Single by Chris Stapleton
- Released: June 17, 2013
- Genre: Country
- Length: 4:05
- Label: Mercury Nashville
- Songwriters: Chris Stapleton; Lee Thomas Miller;
- Producer: Tony Brown

Chris Stapleton singles chronology
|  | "What Are You Listening To?" (2013) | "Traveller" (2015) |

= What Are You Listening To? =

"What Are You Listening To?" is a single by American country music singer Chris Stapleton. It was his first single release, being sent to radio in 2013.

==Content==
"What Are You Listening To?" is a country music song with R&B and soul music influences.
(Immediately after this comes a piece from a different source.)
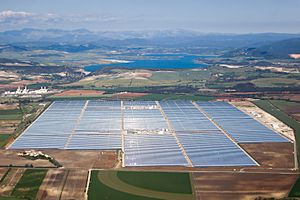 Archivo:Valle 1 and 2 Solar Power Station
Lyrically, the song is about a man who has broken up with his partner, and is inquiring about the kind of music she is listening to at the moment.

==Critical reception==
Tara Seetharam of Country Universe rated the song "A-", praising Stapleton's vocals and the "catharsis" of the lyrics.

==Chart performance==

| Chart (2013) | Peak position |
|---|---|
| US Country Airplay (Billboard) | 46 |

==Certifications==

| Region | Certification | Certified units/sales |
| United States (RIAA) | Platinum | 1,000,000^{‡} |
^{‡} Sales+streaming figures based on certification alone.

==Covers==
When Ruthie Foster released her album Joy Comes Back (2017): Blue Corn Music, this was the first album track.

In December 2023, Megan Moroney released a cover of the song exclusively through Amazon Music.